Es la última frase de este comienzo la que se nos insinúa, la que nos dice que la pequeña historia que a continuación pasará ante nuestra retina asomada por el hueco de una cerradura, será también una historia de hoy.

Dos seres encontrados que van hacia el más triste de los desencuentros.

 Los vemos moverse de manera torpe como dos animalillos en una jaula, encerrados en una diminuta sala en el primer piso de una posada georgiana, mientras que en la habitación contigua, visible a través de la puerta abierta, les mira amenazante una cama de cuatro columnas, rotunda, espesa.

Dos clases sociales condenadas a entenderse. Y una tradición victoriana que aún tiene eco en sus oídos, que les hace ser conscientes de la Iglesia y la moral puritana. La cortesía y los modales que amordazan cualquier expresión del sentimiento. Ninguno se permite manifestarlos, hasta que el mar de la costa de Dorset, que les sirve de refugio, se tornará bravo y sombrío.

Unos sentimientos en comunión con la Naturaleza, reminiscencias de un pasado romántico inglés. La exuberancia sensual y tropical del jardín de los primeros momentos que se desvanece con el cambio de viento, que nos lleva el sonido de olas rompiendo, como vasos que se hacen añicos a lo lejos.

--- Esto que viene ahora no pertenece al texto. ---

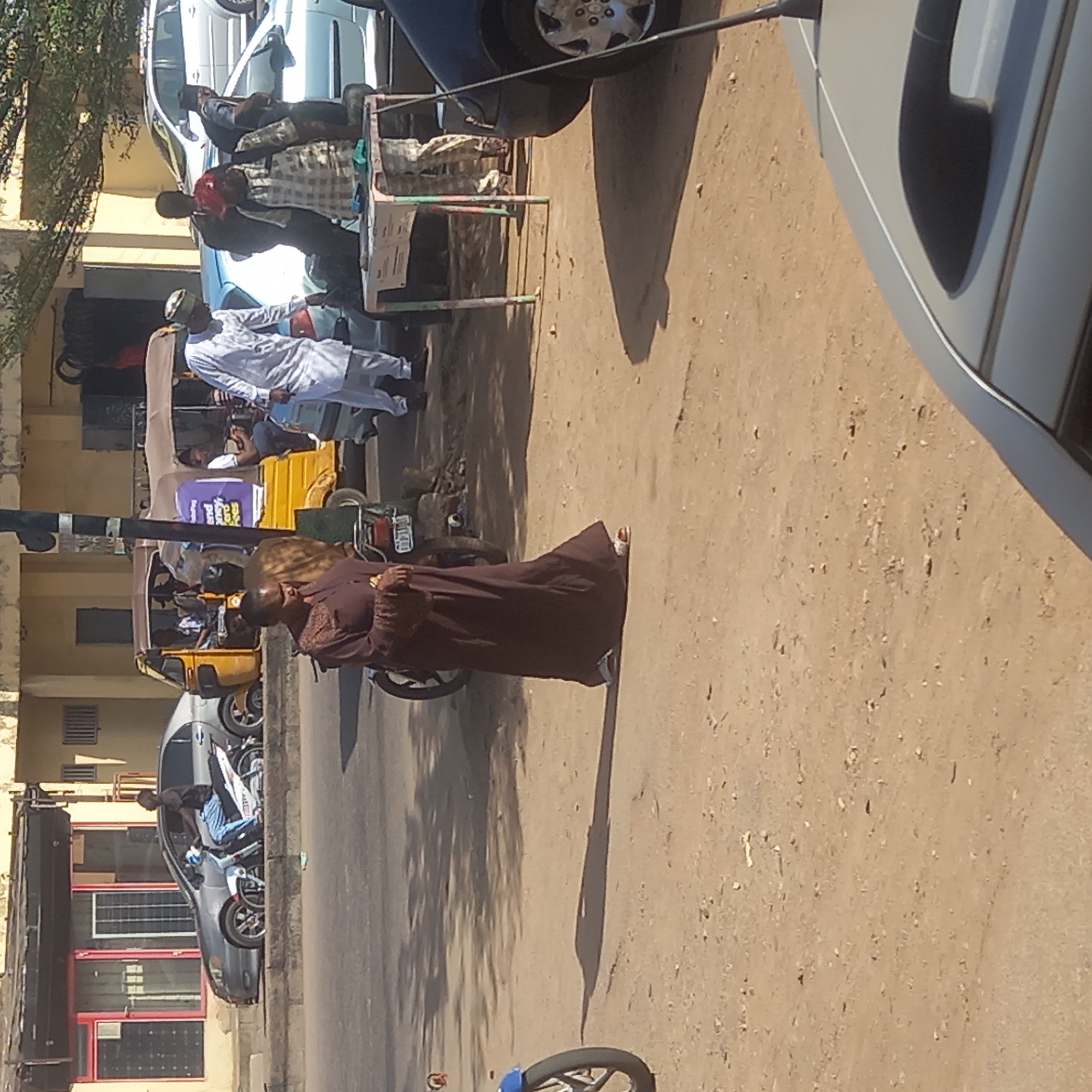 The image, taken in Sardauna, Nigeria, shows a street scene with several vehicles, pedestrians, and commercial activity. In the foreground, a woman wearing a long brown dress walks along the road. In the background, several yellow auto-rickshaws (tuk-tuks) are parked along the street. Several people are gathered around a table covered with goods, likely a vendor selling items. A man in a white robe stands nearby. Cars are parked along the side of the road, with one vehicle partly visible in the foreground. The street surface is dirt and uneven. Buildings are visible on the opposite side of the street, and tree branches appear in the upper left corner of the image.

Y todos queremos que esa brisa rompa las ventanas y oxigene ese turbio aire y sobre todo los pensamientos.
Y vemos nuestro reflejo en todos aquellos planes que recorren aquellos anhelos veinteañeros, presentados por un narrador objetivo, como el entomólogo con los insectos, observando con curiosidad sus comportamientos. No queremos repetir el patrón establecido, queremos desmarcarnos de los cánones establecidos. Apenas 20 años, ¿la juventud como un valor o como un estorbo? Para ellos ser joven era un obstáculo social, un signo de insignificancia, un estado algo vergonzoso cuya curación iniciaba el matrimonio.
Parece hoy una ironía, la liberación del matrimonio, menuda contradicción, ¿pero acaso no es un empezar de nuevo? Para Edward y para Florence significaba la huida de los diversos errores parentales y prácticas anticuadas.

Pero este singular rito debe terminar por otro no menos ancestral, y esa alegría de la boda, del olor a libertad se transforma en preocupación y ansiedad en Edward, mientras que en Florence es algo más, una angustia inexpresable, apenas capaz de formulárselo a ella misma.
Están en el ’62, en las puertas de la revolución sexual, de la liberación de la mujer, del rock and roll, pero ellos aún tienen un pie en la moral conservadora y otro hacia el liberalismo, y el suelo se resquebraja bajo sus pies.

Todo es definible, expresable, pero no todo es comprehensible mediante las palabras, a veces se nos quedan pequeñas, ilegibles. En el sexo se nos quedan burdas, toscas, intimidatorias. Florence sólo conoce las palabras, tiene miedo de las palabras.

Estaban enamorados, de eso no había duda, ese amor que recala en los pequeños detalles, en ese libro de rústica, por lo general de historia, que llevaba Edward en el bolsillo de la chaqueta, por si acaso se encontraba en una cola o en una sala de espera, o la cinta que Florence llevaba en el pelo cuando practicaba en casa sus escalas y arpegios.

Se nos cuelan fragmentos de vida y el contexto otorga de sentido a las acciones de los protagonistas. Aunque el narrador hace uso de la elipsis, y el misterio de ciertos pasajes nos dispara la imaginación.
La técnica del contrapunto nos presenta de manera simultánea tiempos, lugares y personajes que nos pillan desprevenidos, alternando planos narrativos, y las digresiones refuerzan la narración e intensifican su sentido.

La ironía nos dibuja una mueca triste en la cara y la aceleración de la acción en un alarde de síntesis de la vida del protagonista en apenas ocho páginas nos deja una clara sensación de derrota.

Quizá sea así, el amor no se puede idealizar, sólo vivir, lo más honesta y transparente que podamos, entre dos.

Un microcosmo de una relación, del amor, del sexo, y también de una época, y de sus discursos, pero sobre todo, de sus silencios.